Gov. Janet Napolitano is going to unveil a plan today that could make summer vacation for students go the way of slide rules and clapping erasers outside the building.
The proposal being announced this morning in Washington seeks a 210-day school year, particularly in school districts with a large percentage of students who perform poorly. That is six weeks longer than the 180 days now required under Arizona law and six weeks longer than the national average.
But that’s not all: The report by a national task force which Napolitano cochairs also wants a longer school day.
It does not specify a length, but refers to a chain of charter schools where students attend from 7:30 a.m. until 5 p.m. — and half a day on Saturday.
Panel members also are recommending full-day kindergarten, something Napolitano already is trying to implement in Arizona. But they also want preschool available for all 3- and 4-yearold children.

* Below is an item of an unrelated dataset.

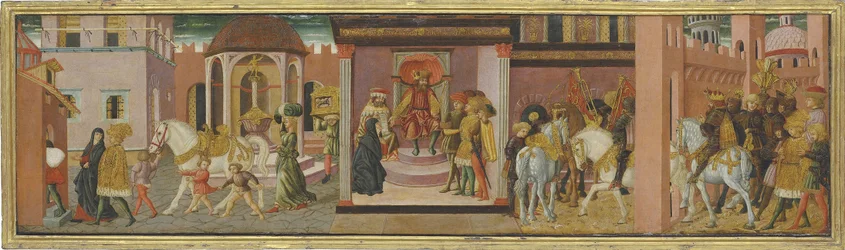 トラソンと未亡人の物語、カッソーネのパネル、c.1450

The report’s authors acknowledge there is a cost. Just beginning to implement the recommendations would be $325 billion over the next decade.

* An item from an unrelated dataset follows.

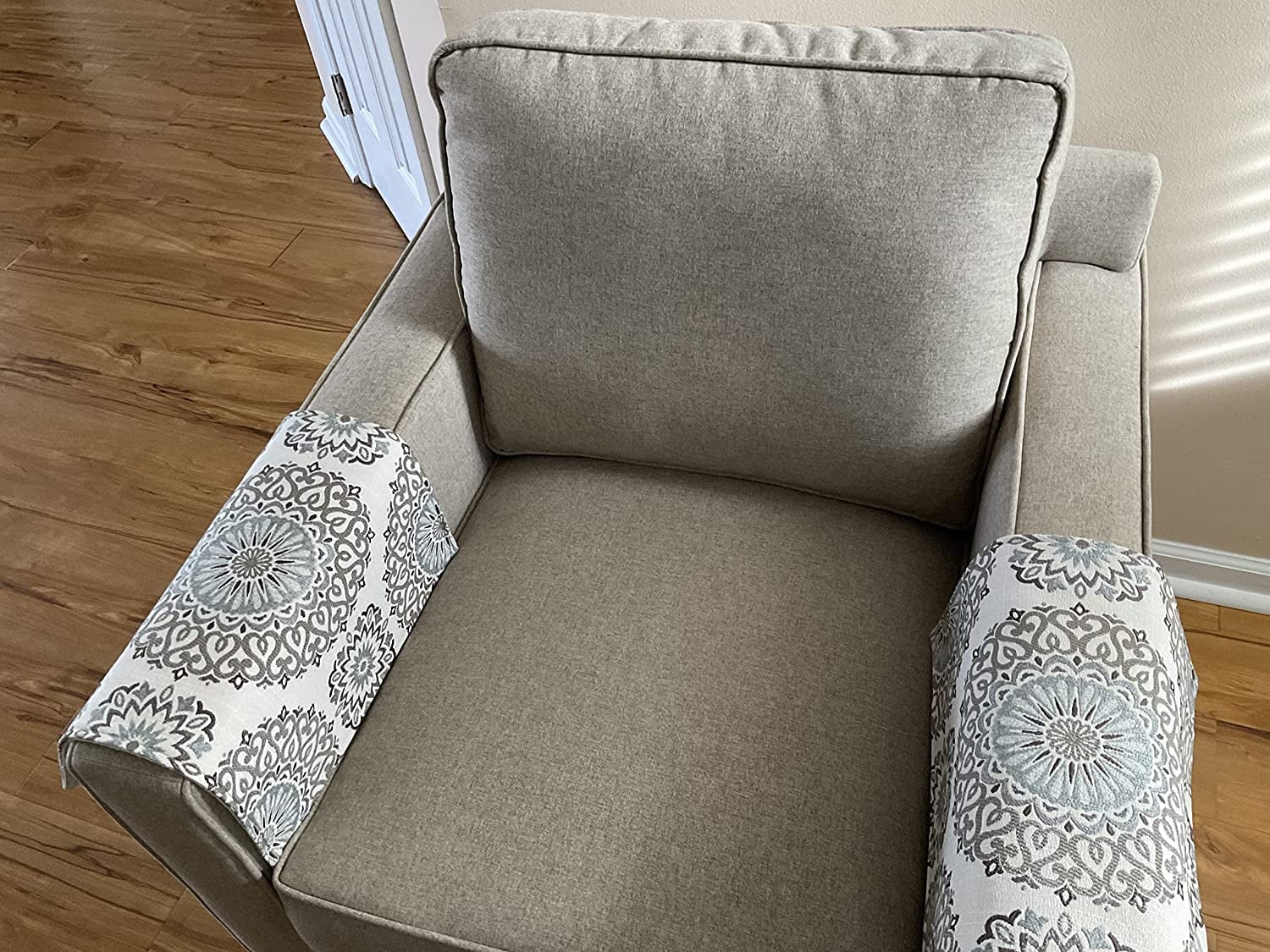Headrest cover for furniture slipcovers headrest cover for recliner furniture protectors Home sofas loveseats theater chairs office chairs recliners RV's Housewarming gifts Blue Medallion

Arizona voters approved a measure five years ago to extend the school year by just five days, to the current 180. That cost $86.3 million. And providing state-funded fullday kindergarten in Arizona is estimated to cost close to $200 million.
Napolitano said she has "some problems’’ with Arizona students being in school only 180 days. But she wasn’t ready to say that 210 days is the appropriate number.

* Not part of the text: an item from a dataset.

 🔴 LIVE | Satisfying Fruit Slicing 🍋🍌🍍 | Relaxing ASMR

The governor stressed that if additional classroom time is mandated, it needs to be "time well spent’’ and not just having students sitting at desks for more hours.
The task force was put together by the Institute for America’s Future and the Center for American Progress.
Toby Chaudhuri, who handles media relations for the Institute, described both as "progressive’’ think tanks. But he acknowledged that both tend to lean toward Democratic principles.